Surtout, les mutations contemporaines de l’appareil productif posent un certain nombre de problèmes majeurs à l’analyse marxienne. Les travailleurs de l’industrie sont désormais une minorité, la majeure partie de la population travaillant dans ce secteur quasi inexistant au XIXe siècle et en expansion continue que constitue le “tertiaire” - ensemble de services, dont il est probable que la plupart auraient sans doute été jugés parasitaires par les révolutionnaires de l’époque (tourisme, immobilier, etc.) Par ailleurs, le mode de production industriel lui-même a connu un certain nombre de modifications qui entraînent la quasi disparition des conditions de travail qui permettaient à Marx de parier sur la classe ouvrière empirique. Automatisation qui réduit la place du travail humain, explosion des sites de production (déconcentrations, délocalisations, etc.), individualisation de la gestion des ressources humaines sous l’inspiration du néo-management (via récupération, bien étudiée par Boltanski et Chiapello, de notions issues du camp anticapitaliste, comme celles d’”implication”, de “responsabilité” voire de “participation”) : autant de phénomènes qui entraînent chômage et précarité, et font apparaître le travail productif moins comme une coopération que comme une concurrence. En témoignent suffisamment le recours massif à la débrouillardise individuelle en lieu et place de l’action collective, ou la xénophobie plus ou moins déclarée de clichés comme le “plombier polonais” ou les travailleurs immigrés “mangeurs du pain des français”, qui se perpétuent depuis les années 1970 où elles furent popularisées... par le Parti Communiste !

Enfin, la croissance du chômage, jointe au phénomène récent de la surproduction (cf. les rachats de production agricole par l’UE pour maintenir artificiellement les prix...), amène à relativiser l’importance du travail économiquement productif dans la production du lien social. Marxisme orthodoxe et libéralisme sont d’accord sur ce point : l’économie prime les autres activités humaines. C’est de cet économisme exclusif qu’il faut se défaire.

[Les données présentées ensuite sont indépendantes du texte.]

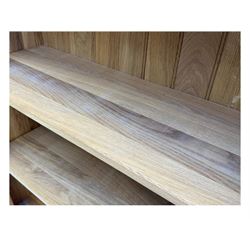 Contemporary light oak open bookcase, rectangular form with projecting top, fitted with five adjustable shelves, on a straight plinth base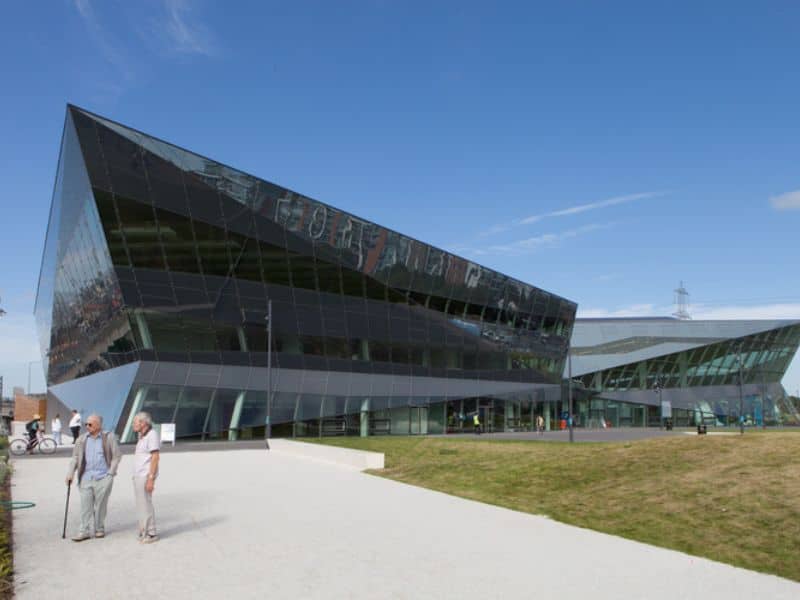 An image of The Crystal, London, UK. The building is mainly tinted glass. Its shape resembles the prow of a boat and there is a large paved area and a grass lawn out front.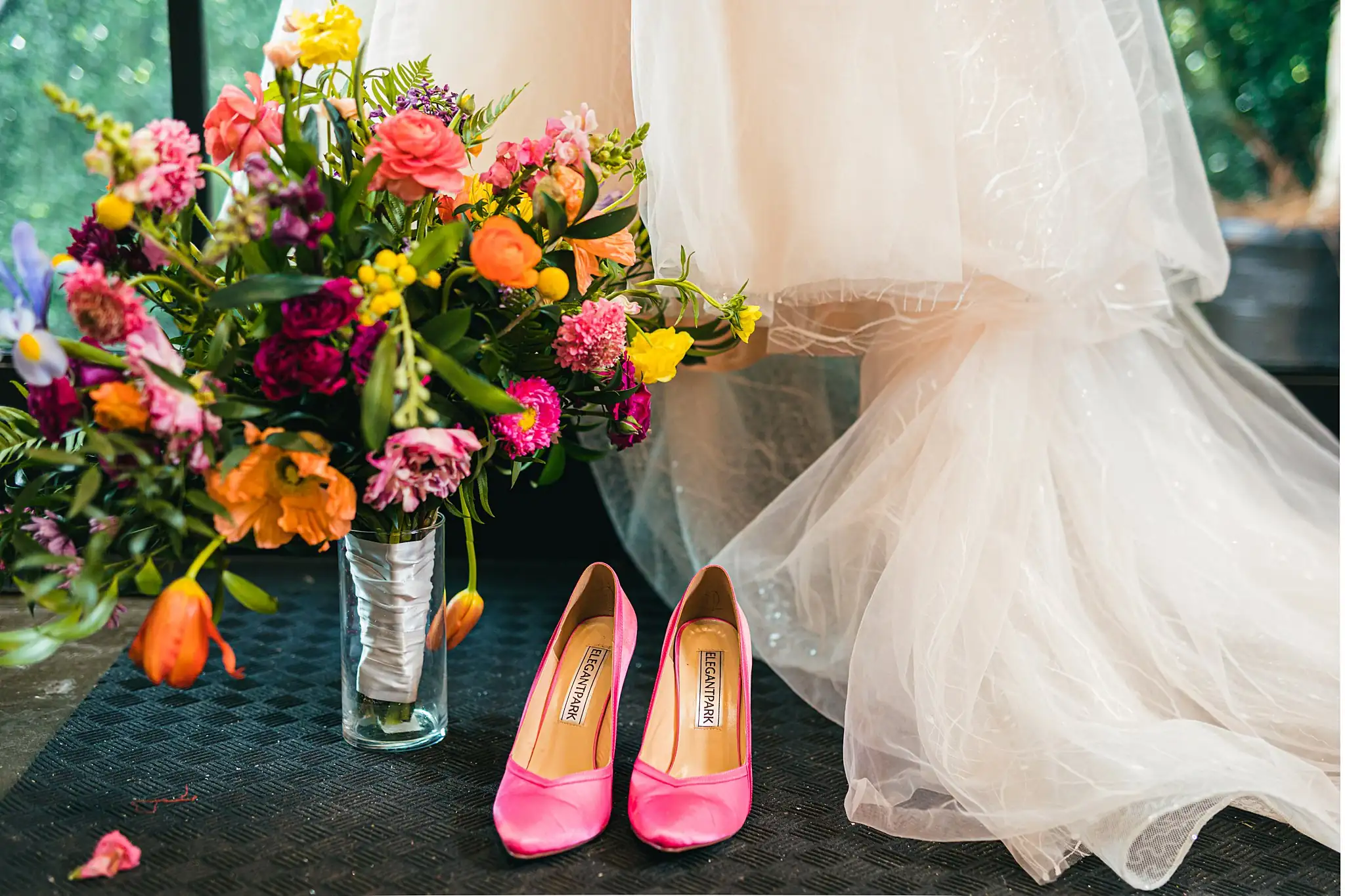 AtlantaWeddingPhotographers_1184.jpg Wedding Details: a spring arrangement beside pink heels, at a Whimsically in Love LGBTQ Wedding styled shoot at Brick and Ivey in Marietta, GA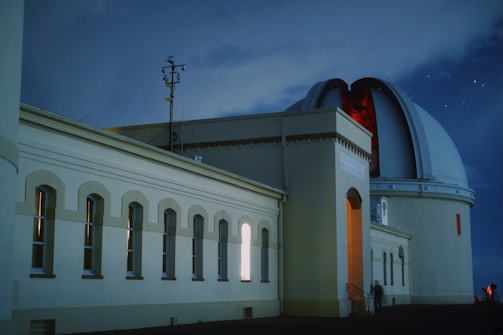 An observatory building with an open dome is captured under a night sky filled with stars. The structure features numerous windows along its side and is illuminated by a warm interior light. A person is visible near the entrance, which is slightly ajar, allowing a glimpse of the red-lit interior. The architecture is complemented by antennas and other equipment mounted on the roof.
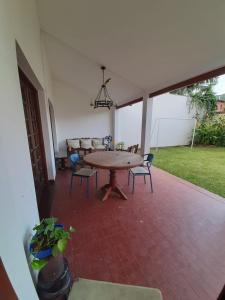 a patio with a table and chairs in a room at Dos Balcones in Salta +32 photos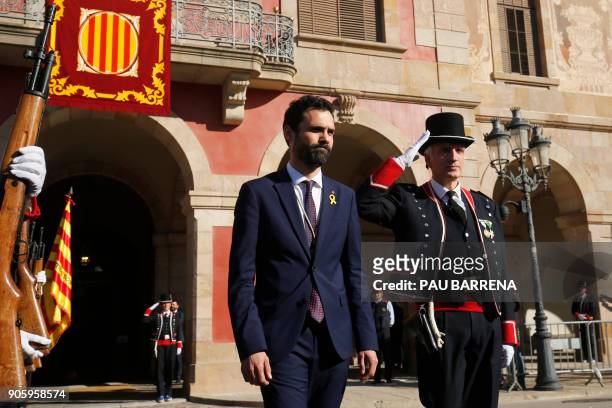 Newly elected parliament speaker Roger Torrent reviews members of the Catalan regional police force Mossos d'Esquadra after Catalan's parliament...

D’autant que la période contemporaine voit le développement parallèle du salariat, y compris au sein du patronat, et de l’actionnariat - qui aboutit à placer le pouvoir plus dans les mains des organismes gestionnaires de capitaux (les fonds de pension, par exemple) que dans celles d’individus clairement identifiables, par leur fonction et par leur idéologie, comme capitalistes. Au total, la plupart des patrons sont aujourd’hui des salariés, et la majeure partie des salariés, volontairement ou non, entretiennent le système financier - ne serait-ce que par l’épargne “placée”, directement en Bourse bien sûr, mais aussi sur le moindre compte épargne... A la fois tous salariés et profiteurs, exploités et exploitants, le système capitaliste atteint son apogée et ne laisse plus personne hors de son mécanisme. La différence entre un patron et un ouvrier pourrait bien n’être plus tant une différence quant au capital possédé, un clivage opposant propriétaire et salarié, mais fondé d’abord sur une différence de pouvoir, c’est-à-dire une différence politique.